Image-caption web data:

= Beginning of Section =

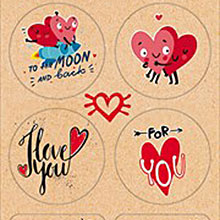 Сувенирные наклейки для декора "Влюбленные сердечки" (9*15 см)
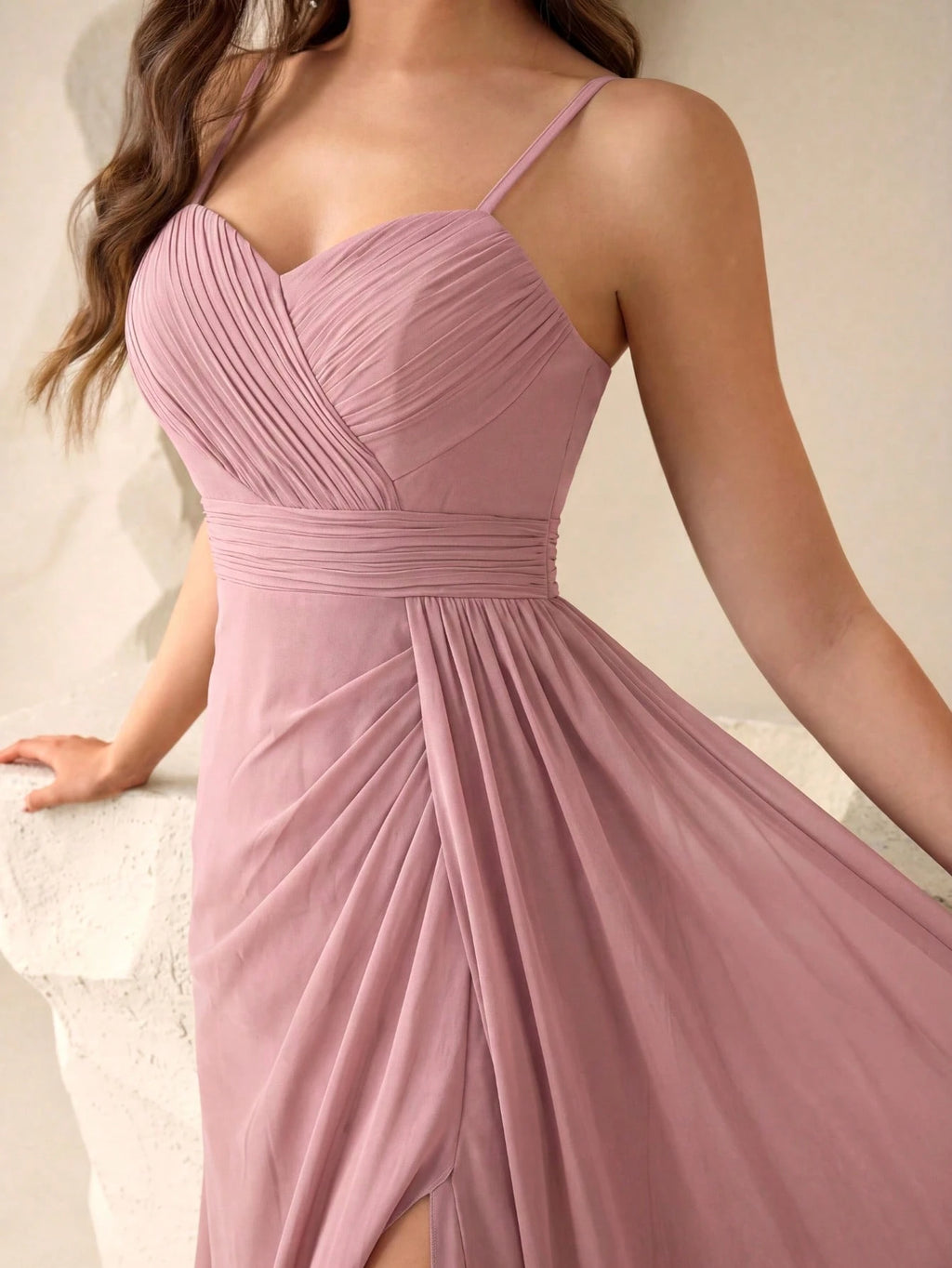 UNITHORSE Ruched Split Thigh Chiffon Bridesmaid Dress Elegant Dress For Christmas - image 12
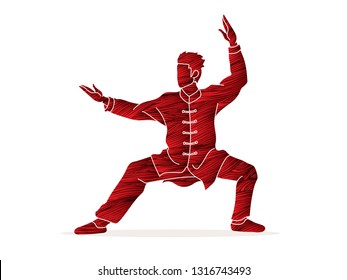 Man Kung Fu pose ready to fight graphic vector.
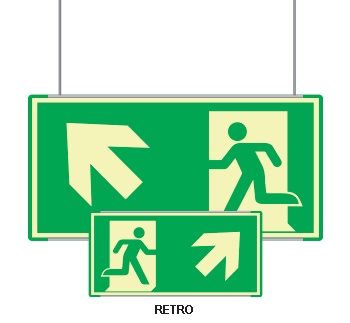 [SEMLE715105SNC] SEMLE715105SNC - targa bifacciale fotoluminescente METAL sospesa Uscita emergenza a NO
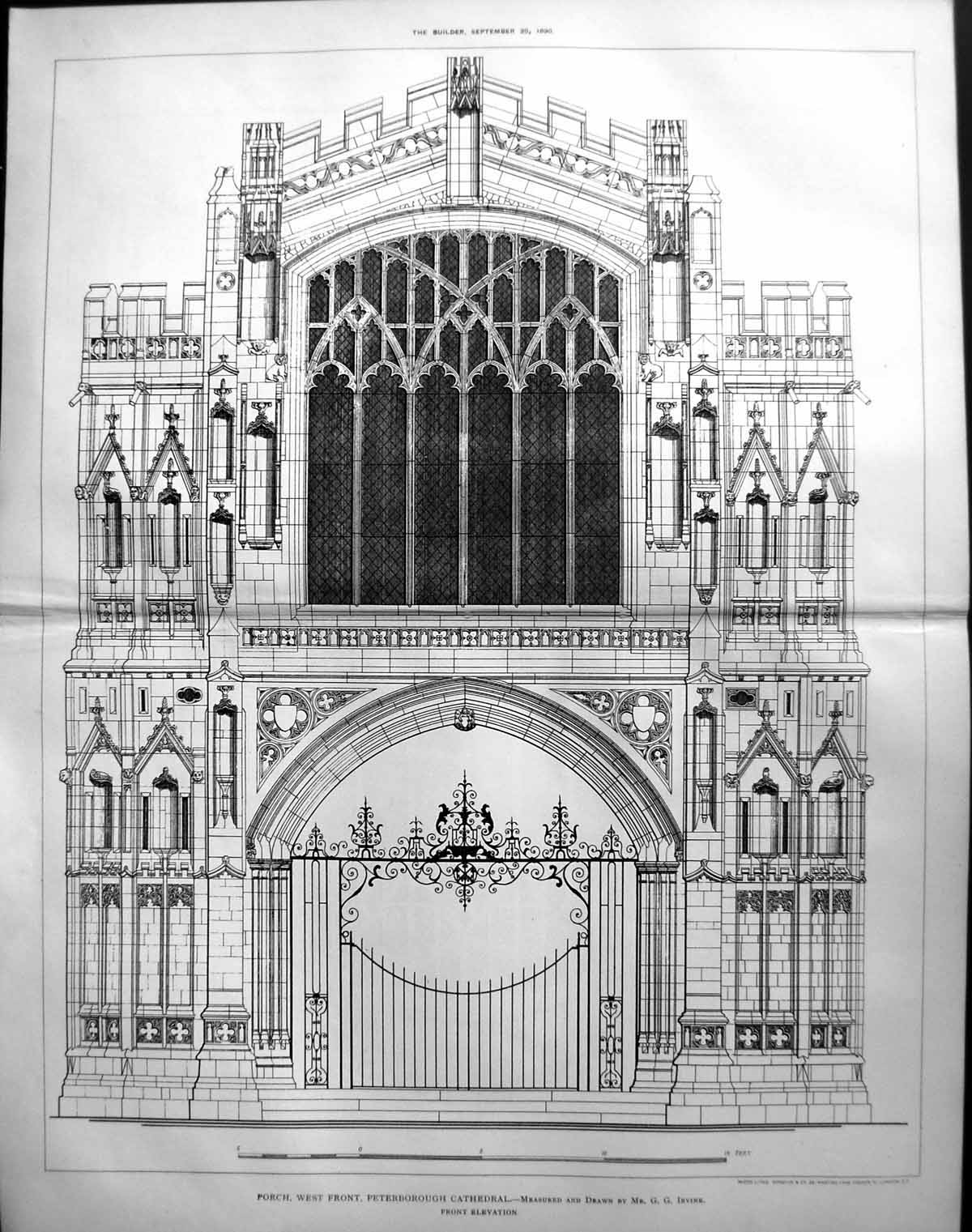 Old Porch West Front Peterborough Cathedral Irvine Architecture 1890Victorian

= End of Section =

Reproduce the data above in full, exactly, with the images removed.

 Сувенирные наклейки для декора "Влюбленные сердечки" (9*15 см)
 UNITHORSE Ruched Split Thigh Chiffon Bridesmaid Dress Elegant Dress For Christmas - image 12
 Man Kung Fu pose ready to fight graphic vector.
 [SEMLE715105SNC] SEMLE715105SNC - targa bifacciale fotoluminescente METAL sospesa Uscita emergenza a NO
 Old Porch West Front Peterborough Cathedral Irvine Architecture 1890Victorian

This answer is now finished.